La eterna vigilancia

Henry Ford dijo que ¨Antes que nada, estar preparado es el secreto del éxito¨.  Muchos años antes Miguel de Cervantes lo advirtió: ¨El hombre bien preparado para la lucha ya ha conseguido medio triunfo¨ ; en el evangelio de Mateo 25,13 podemos encontrar la misma referencia:  ¨Velad, pues, porque no sabéis ni el día ni la hora¨.  Y mi favorita de Thomas Jefferson: ¨El precio de la libertad es la eterna vigilancia¨.

Después de más de un mes de este cambio de vida por una emergencia sanitaria, me atrevo a decir que en el mundo hay solo dos clases de personas:  las que estaban preparadas y las que no.

¿Pero cómo íbamos a estar preparados para el COVID-19, si nos tomó a todos por sorpresa?  ¡Es un evento inédito, imposible predecir lo que iba a suceder en cuestión de pocas semanas!

Obviamente no podíamos anticipar la aparición de un virus como este y menos su rápida propagación, pero sí podíamos estar preparados para ser las personas que, sin demasiado esfuerzo, pudieran adaptarse a las nuevas circunstancias, abrazar la incertidumbre y salir fortalecidos, ser resilientes, veamos:

1. Trabajar desde casa: ¿Tenía su empresa un plan, al menos de tiempo parcial, de trabajar desde casa para evitar congestión vehicular y estrés innecesario para sus colaboradores?  ¿Había desarrollado las habilidades, adoptado la tecnología, creado los canales de comunicación, cultivado la confianza y la cultura corporativa para trabajo remoto?

Si la respuesta es no, seguramente tardó varios días o semanas con baja productividad mientras hacía los cambios, desarrollando los planes contra el tiempo, generando mecanismos de seguimiento, familiarizándose con las tecnologías para hacer reuniones, etc.   Y aún hoy, muchos de sus colaboradores al medio día no ha se han quitado la pijama.

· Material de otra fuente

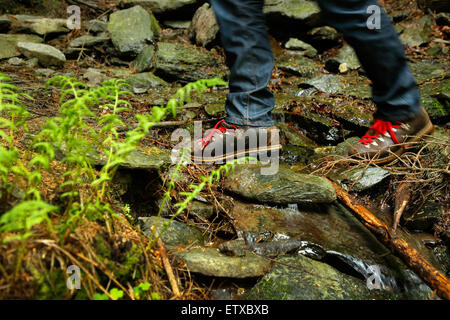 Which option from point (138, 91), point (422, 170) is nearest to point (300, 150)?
point (422, 170)

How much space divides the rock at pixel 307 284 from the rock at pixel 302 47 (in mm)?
5646

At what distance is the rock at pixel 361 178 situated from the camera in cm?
262

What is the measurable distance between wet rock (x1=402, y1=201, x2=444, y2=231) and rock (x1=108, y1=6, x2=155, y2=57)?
5357 mm

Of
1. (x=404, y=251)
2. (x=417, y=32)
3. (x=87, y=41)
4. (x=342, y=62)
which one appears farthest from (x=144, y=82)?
(x=417, y=32)

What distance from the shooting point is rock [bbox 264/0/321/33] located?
21.7ft

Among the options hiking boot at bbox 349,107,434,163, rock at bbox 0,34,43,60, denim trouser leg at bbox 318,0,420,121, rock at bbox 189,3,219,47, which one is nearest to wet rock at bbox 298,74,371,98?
hiking boot at bbox 349,107,434,163

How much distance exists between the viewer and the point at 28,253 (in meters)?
1.19

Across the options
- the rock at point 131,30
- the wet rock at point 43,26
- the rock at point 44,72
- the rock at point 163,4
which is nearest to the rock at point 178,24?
the rock at point 163,4

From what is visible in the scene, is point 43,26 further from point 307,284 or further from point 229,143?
point 307,284

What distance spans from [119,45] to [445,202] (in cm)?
573

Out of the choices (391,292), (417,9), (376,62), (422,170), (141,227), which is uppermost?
(417,9)

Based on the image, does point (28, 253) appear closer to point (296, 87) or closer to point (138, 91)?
point (138, 91)

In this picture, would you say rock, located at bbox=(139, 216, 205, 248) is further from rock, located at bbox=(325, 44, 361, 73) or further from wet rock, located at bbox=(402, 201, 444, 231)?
rock, located at bbox=(325, 44, 361, 73)

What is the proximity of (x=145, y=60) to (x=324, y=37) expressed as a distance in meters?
4.05
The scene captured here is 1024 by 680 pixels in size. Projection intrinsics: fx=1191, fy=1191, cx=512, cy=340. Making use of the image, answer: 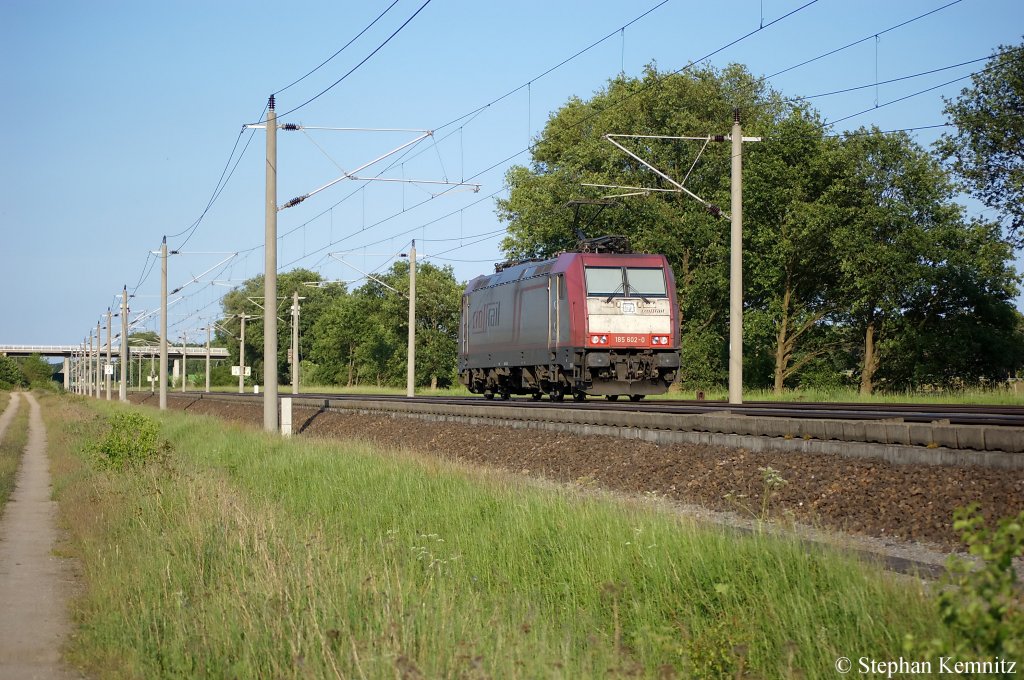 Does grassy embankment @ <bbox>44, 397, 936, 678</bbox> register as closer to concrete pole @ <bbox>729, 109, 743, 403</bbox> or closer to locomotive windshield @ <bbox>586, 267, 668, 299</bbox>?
concrete pole @ <bbox>729, 109, 743, 403</bbox>

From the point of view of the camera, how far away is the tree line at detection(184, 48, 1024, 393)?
1636 inches

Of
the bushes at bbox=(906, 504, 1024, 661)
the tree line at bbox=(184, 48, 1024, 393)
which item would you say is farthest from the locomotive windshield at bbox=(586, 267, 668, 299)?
the bushes at bbox=(906, 504, 1024, 661)

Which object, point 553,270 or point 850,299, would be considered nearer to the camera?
point 553,270

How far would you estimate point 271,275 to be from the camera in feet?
90.4

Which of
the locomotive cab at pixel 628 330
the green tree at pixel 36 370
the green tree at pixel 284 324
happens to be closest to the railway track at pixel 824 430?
the locomotive cab at pixel 628 330

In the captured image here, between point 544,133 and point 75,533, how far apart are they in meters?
63.7

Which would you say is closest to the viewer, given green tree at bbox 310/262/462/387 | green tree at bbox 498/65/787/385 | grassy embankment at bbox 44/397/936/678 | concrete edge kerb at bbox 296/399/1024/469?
grassy embankment at bbox 44/397/936/678

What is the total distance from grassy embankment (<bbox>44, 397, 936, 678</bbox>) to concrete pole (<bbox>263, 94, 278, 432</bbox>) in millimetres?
14592

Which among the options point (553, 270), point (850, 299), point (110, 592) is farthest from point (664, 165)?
point (110, 592)

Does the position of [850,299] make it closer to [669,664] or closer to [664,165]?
[664,165]

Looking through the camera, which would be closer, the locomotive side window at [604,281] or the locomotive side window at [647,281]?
the locomotive side window at [604,281]

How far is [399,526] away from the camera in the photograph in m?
12.2

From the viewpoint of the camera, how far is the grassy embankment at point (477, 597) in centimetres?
642

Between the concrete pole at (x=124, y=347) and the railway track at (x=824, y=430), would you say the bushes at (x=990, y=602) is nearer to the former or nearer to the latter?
the railway track at (x=824, y=430) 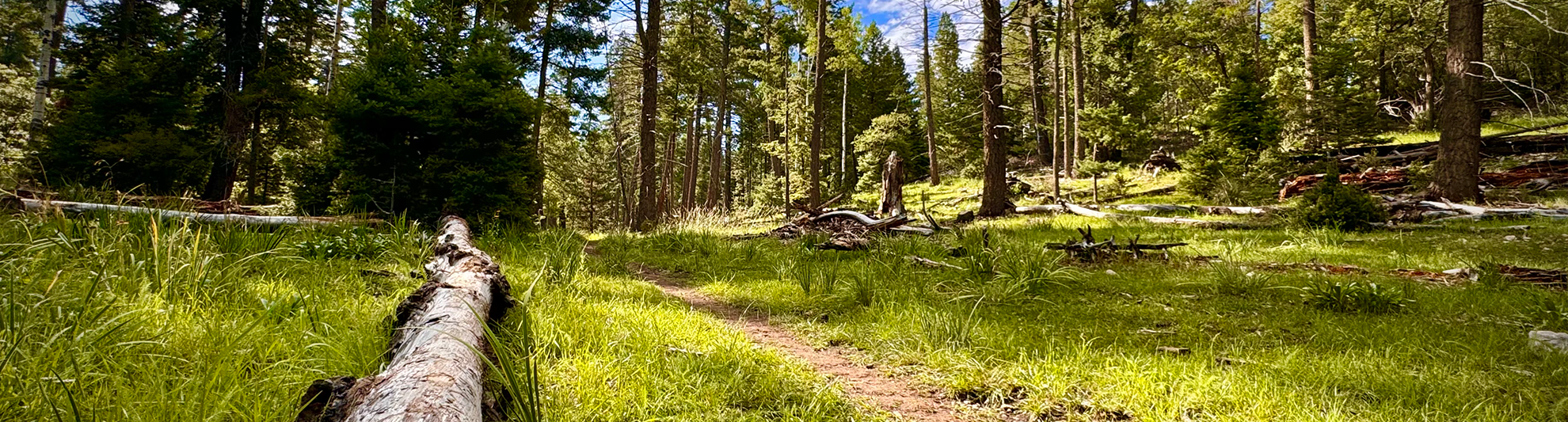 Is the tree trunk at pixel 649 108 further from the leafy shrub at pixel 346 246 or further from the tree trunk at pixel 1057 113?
the tree trunk at pixel 1057 113

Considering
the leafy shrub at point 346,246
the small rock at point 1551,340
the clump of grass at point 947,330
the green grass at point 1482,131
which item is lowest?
the clump of grass at point 947,330

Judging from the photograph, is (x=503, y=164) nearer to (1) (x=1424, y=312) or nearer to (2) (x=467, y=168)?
(2) (x=467, y=168)

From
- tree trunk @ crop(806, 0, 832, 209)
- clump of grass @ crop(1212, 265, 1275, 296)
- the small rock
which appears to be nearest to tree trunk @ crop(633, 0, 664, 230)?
tree trunk @ crop(806, 0, 832, 209)

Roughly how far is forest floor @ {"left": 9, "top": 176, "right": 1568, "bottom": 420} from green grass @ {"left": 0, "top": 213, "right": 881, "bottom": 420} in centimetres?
2

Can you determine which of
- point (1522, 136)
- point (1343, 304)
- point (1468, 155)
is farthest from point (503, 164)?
point (1522, 136)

2. Sus relaciones más cercanas: ¿Era usted de los que tenía casa hotel?  Esos que salían en la mañana a trabajar y regresaban en la noche a dormir, con poca interacción con la familia, bajos niveles de colaboración en las tareas del hogar, poca empatía hacia las necesidades de sus padres, hermanos, pareja o hijos.

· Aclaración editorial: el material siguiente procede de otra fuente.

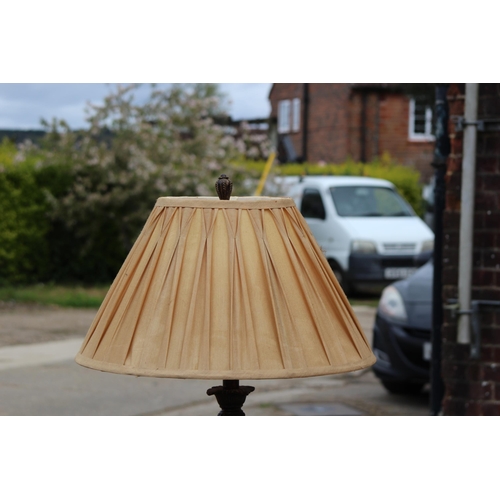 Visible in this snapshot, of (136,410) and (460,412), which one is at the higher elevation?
(460,412)

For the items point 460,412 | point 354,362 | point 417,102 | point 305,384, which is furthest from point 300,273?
point 417,102

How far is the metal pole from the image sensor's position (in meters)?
4.81

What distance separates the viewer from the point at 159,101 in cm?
1365

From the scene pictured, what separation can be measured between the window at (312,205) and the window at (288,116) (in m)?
11.3

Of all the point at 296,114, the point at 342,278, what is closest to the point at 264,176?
the point at 342,278

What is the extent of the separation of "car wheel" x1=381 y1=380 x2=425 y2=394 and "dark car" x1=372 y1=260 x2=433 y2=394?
0.27 meters

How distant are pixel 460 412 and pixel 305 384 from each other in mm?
2947

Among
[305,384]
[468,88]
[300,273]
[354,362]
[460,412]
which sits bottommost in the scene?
[305,384]

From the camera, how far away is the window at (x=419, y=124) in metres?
22.8

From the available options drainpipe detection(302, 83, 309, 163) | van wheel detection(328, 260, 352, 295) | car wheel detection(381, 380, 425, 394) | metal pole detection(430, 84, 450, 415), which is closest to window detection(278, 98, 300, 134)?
drainpipe detection(302, 83, 309, 163)

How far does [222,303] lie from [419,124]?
22590 mm

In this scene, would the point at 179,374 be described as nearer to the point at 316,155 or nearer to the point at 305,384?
the point at 305,384

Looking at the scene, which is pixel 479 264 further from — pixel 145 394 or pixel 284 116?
pixel 284 116

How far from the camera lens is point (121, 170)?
12961mm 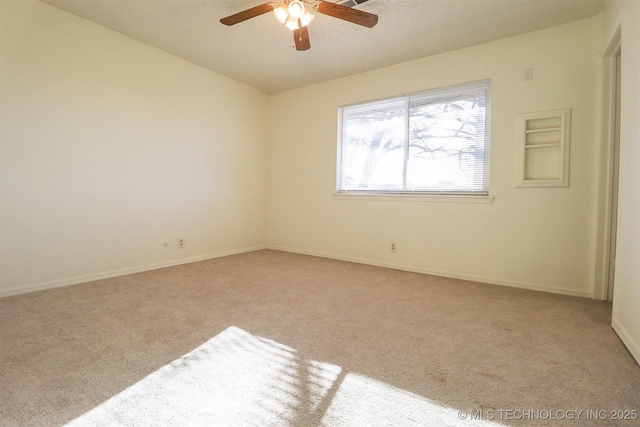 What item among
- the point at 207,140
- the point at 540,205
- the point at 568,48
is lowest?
the point at 540,205

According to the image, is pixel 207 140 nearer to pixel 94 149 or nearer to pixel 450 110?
pixel 94 149

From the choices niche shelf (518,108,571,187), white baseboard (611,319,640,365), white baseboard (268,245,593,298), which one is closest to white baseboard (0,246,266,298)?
white baseboard (268,245,593,298)

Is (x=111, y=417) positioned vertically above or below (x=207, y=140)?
below

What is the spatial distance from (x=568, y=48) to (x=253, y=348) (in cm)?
366

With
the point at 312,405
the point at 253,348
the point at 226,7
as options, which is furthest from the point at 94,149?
the point at 312,405

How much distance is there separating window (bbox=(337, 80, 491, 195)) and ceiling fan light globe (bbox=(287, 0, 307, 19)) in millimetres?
1913

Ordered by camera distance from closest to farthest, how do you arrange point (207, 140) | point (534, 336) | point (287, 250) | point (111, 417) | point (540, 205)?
point (111, 417) → point (534, 336) → point (540, 205) → point (207, 140) → point (287, 250)

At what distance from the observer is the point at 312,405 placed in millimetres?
1259

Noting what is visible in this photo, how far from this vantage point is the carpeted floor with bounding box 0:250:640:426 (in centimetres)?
122

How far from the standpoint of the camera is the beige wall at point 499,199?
275 centimetres

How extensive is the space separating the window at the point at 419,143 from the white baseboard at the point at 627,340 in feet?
5.17

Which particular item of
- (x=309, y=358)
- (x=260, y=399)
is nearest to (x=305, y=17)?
(x=309, y=358)

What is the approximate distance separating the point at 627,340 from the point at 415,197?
217 centimetres

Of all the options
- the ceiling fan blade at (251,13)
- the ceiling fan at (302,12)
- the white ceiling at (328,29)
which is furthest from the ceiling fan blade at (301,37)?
the white ceiling at (328,29) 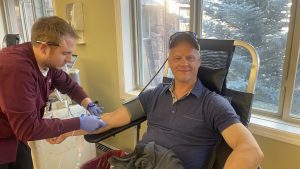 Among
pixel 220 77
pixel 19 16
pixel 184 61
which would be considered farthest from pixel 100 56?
pixel 19 16

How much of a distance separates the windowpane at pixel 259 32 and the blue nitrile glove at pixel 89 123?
0.95 meters

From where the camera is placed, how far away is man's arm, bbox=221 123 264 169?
995mm

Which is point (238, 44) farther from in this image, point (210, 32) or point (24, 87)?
point (24, 87)

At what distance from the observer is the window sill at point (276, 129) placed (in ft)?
4.71

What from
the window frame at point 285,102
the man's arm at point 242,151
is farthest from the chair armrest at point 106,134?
the window frame at point 285,102

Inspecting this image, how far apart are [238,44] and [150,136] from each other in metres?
0.70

Si la respuesta es sí, posiblemente desde hace muchos días está desesperado por salir, y ojalá ya ha empezado a valorar el interminable trabajo doméstico y ahora conoce el nombre de algunos maestros de sus hijos.  Esta pandemia fortalecerá las relaciones de pareja o las terminará más rápidamente. ¿Cuál será su caso?

3. La relación con su cuerpo físico: ¿Usted ya practicaba deporte regularmente, sabía como hacer una rutina de ejercicios cardiovasculares o funcionales con o sin pesas en el gimnasio o en el parque?  ¿Comía balanceado y con moderación, mantenía su peso controlado y no fumaba?

Si su respuesta es sí, seguramente no calma la ansiedad haciendo visitas frecuentes al refrigerador, ha convertido la silla del comedor en una herramienta de entrenamiento, ya ha descargado y probado varias aplicaciones gratuitas de ejercicios y hasta está experimentando con el yoga o el baile.

4. Manejo de sus emociones:  Esta es tal vez la preparación más importante ¿Es usted el amo de sus pensamientos y sus emociones o por el contrario ellos le dominan?  Si ya desde antes se ha entrenado en observarse, sabe hacer un alto cuando se percibe inquieto o enojado, medita, lee y ve material edificante, evita exponerse en exceso a las noticias, no reproduce rumores, no se involucra en discusiones improductivas de las redes sociales, se rodea de personas positivas y que practican la gratitud y no el drama, ¡felicidades!

¨El precio de la libertad es la eterna vigilancia¨.  Si hoy, a pesar de la cuarentena, con restricciones a la movilidad y a vivir la vida que conocíamos, usted se siente libre, es porque pertenece a la mitad del mundo que sí estaba preparado para una pandemia.

 

Karla Chaves Brenes – Directora regional.